» The task: Look below for the line that has "FOLK Karma mokra"; output exactly from it through the line that has "2026 Shanghai Masters", and leave the pictures out.

Supplied material START

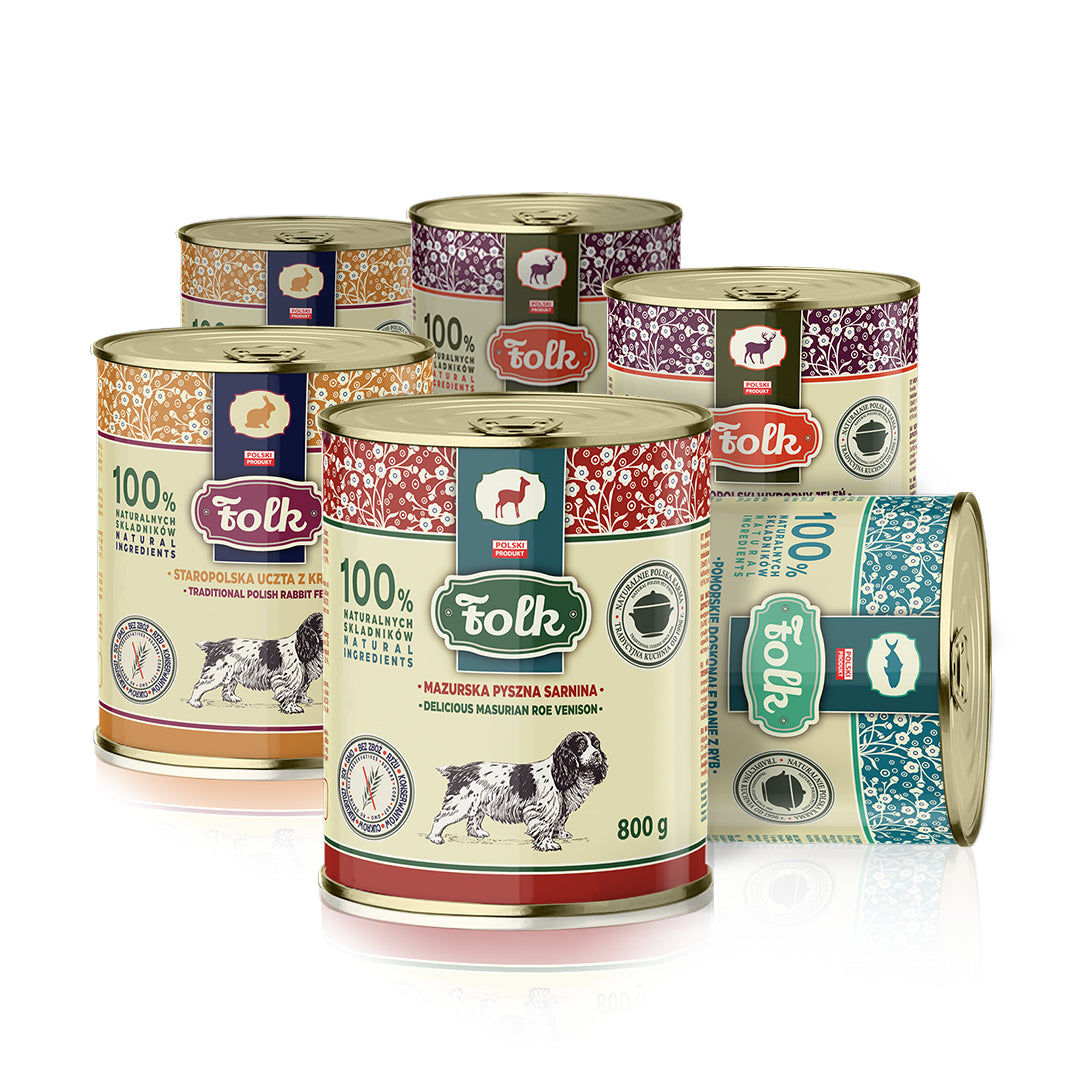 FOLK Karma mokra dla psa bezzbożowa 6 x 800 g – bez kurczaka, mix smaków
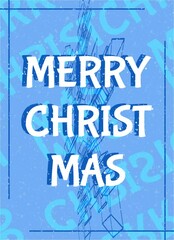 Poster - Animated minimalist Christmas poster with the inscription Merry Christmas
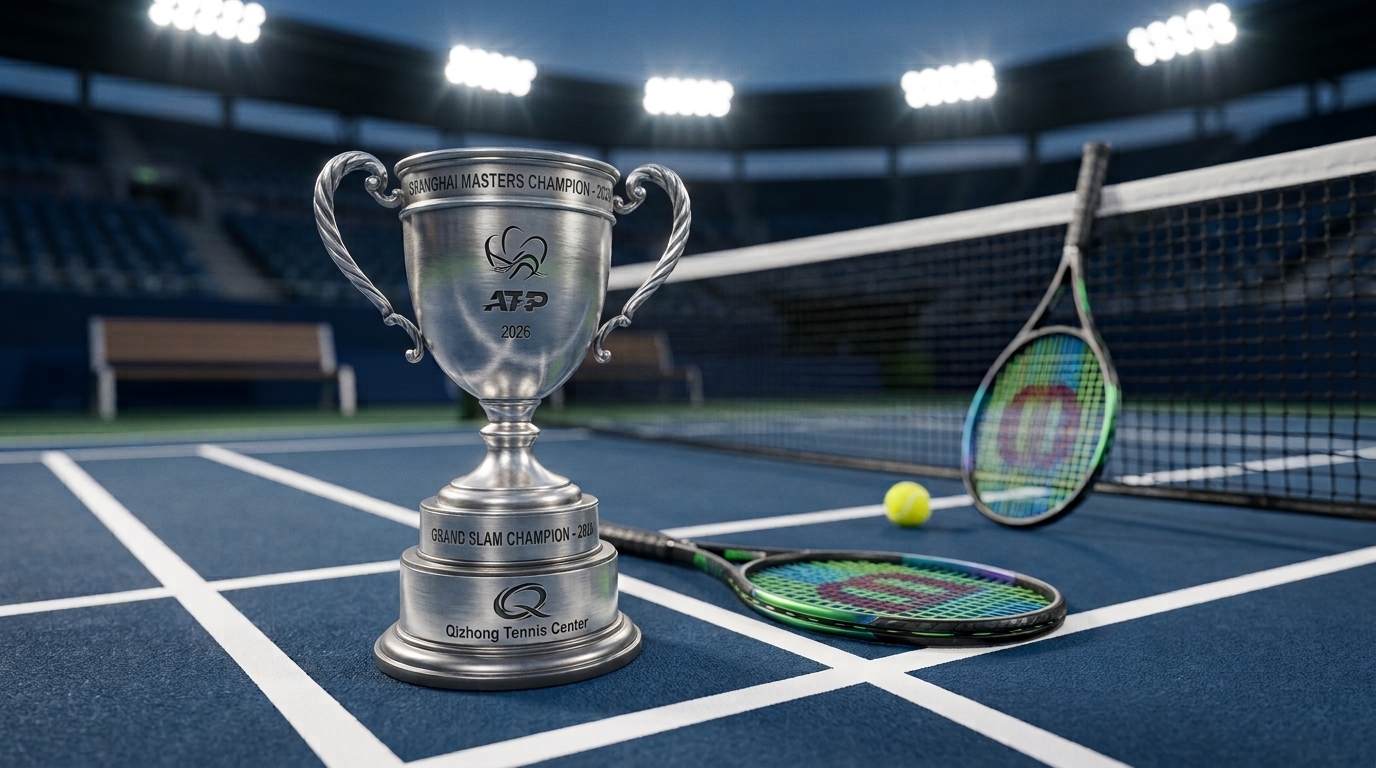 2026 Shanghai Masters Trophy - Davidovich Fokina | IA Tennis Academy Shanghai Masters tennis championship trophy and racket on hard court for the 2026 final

Supplied material END
Supplied material START

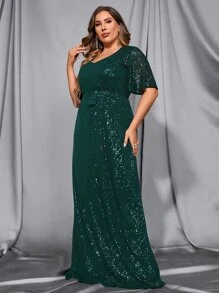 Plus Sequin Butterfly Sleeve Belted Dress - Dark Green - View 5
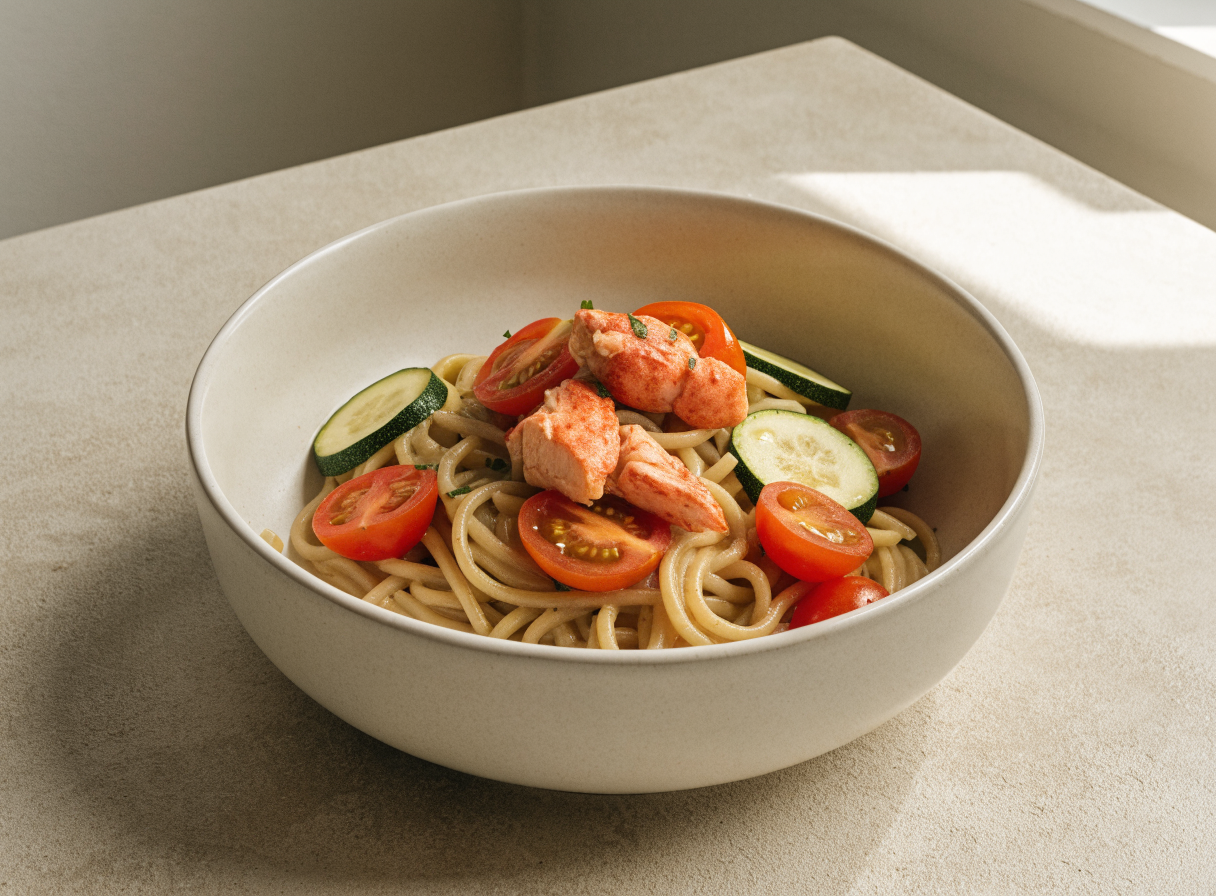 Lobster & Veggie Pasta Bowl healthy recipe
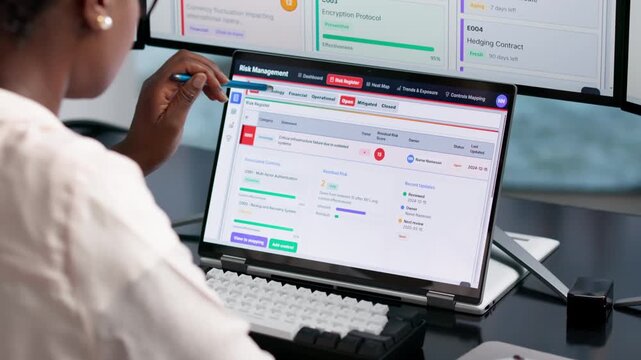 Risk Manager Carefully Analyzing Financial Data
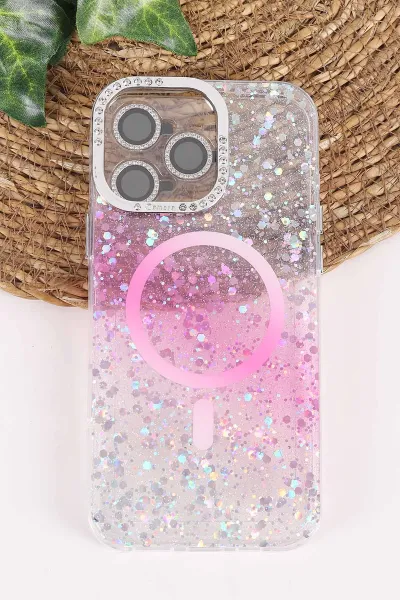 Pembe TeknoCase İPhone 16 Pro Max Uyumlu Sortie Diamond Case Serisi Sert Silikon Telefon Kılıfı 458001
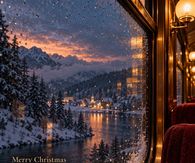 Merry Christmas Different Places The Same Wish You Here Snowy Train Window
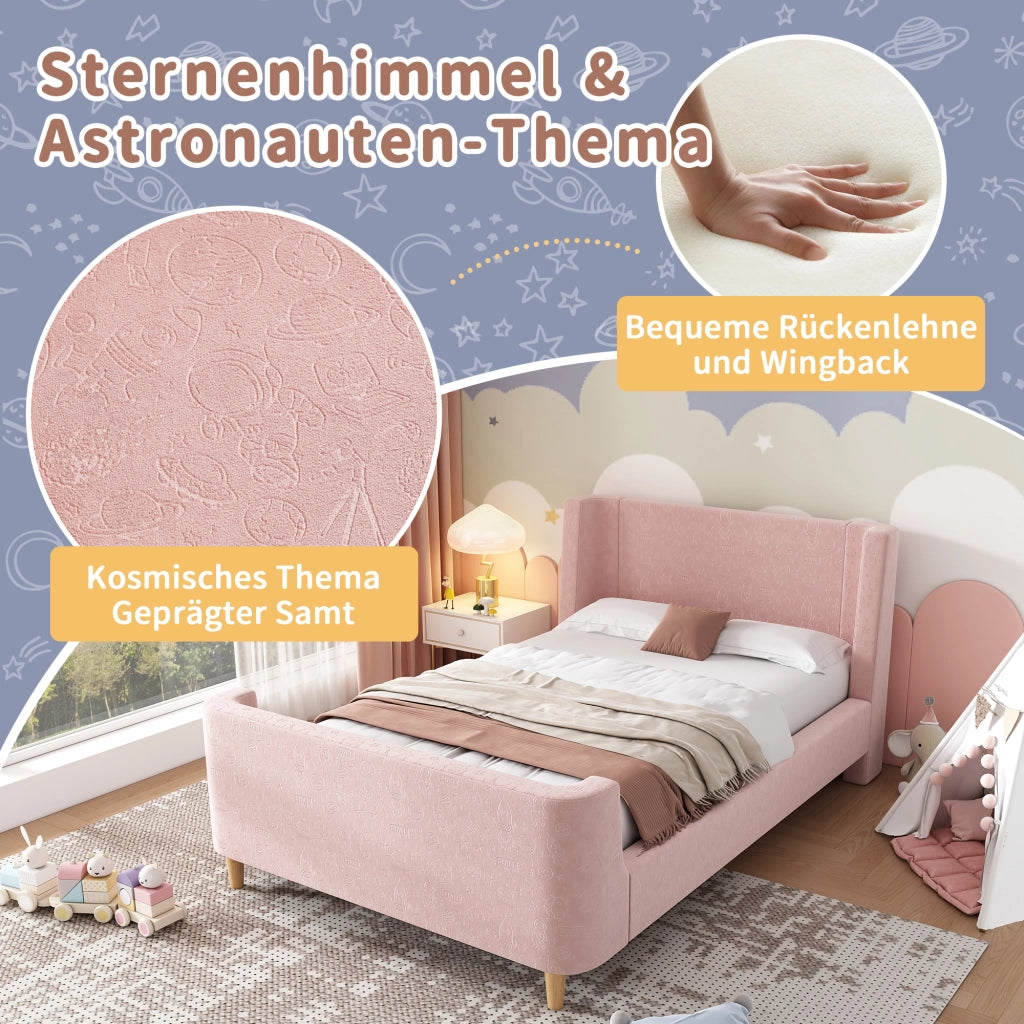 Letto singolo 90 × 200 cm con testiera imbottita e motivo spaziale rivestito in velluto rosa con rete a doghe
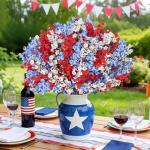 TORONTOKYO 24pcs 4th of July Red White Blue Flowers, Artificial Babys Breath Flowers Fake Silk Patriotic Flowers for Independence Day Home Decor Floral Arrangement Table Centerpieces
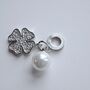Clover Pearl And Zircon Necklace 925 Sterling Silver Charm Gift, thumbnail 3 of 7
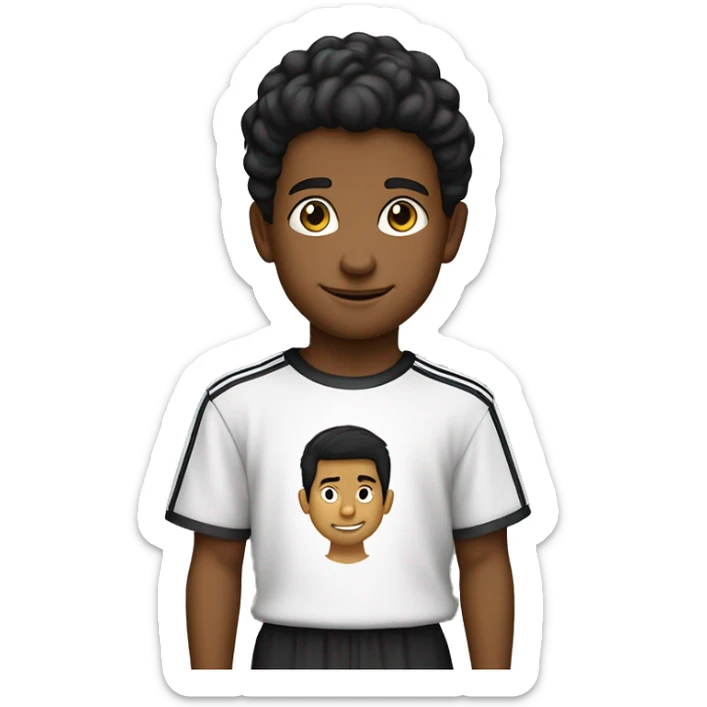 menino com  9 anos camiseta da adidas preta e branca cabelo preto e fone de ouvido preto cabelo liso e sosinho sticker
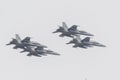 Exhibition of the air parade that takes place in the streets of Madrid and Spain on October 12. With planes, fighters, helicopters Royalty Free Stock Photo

Supplied material END

» Response:
 FOLK Karma mokra dla psa bezzbożowa 6 x 800 g – bez kurczaka, mix smaków
 Poster - Animated minimalist Christmas poster with the inscription Merry Christmas
 2026 Shanghai Masters Trophy - Davidovich Fokina | IA Tennis Academy Shanghai Masters tennis championship trophy and racket on hard court for the 2026 final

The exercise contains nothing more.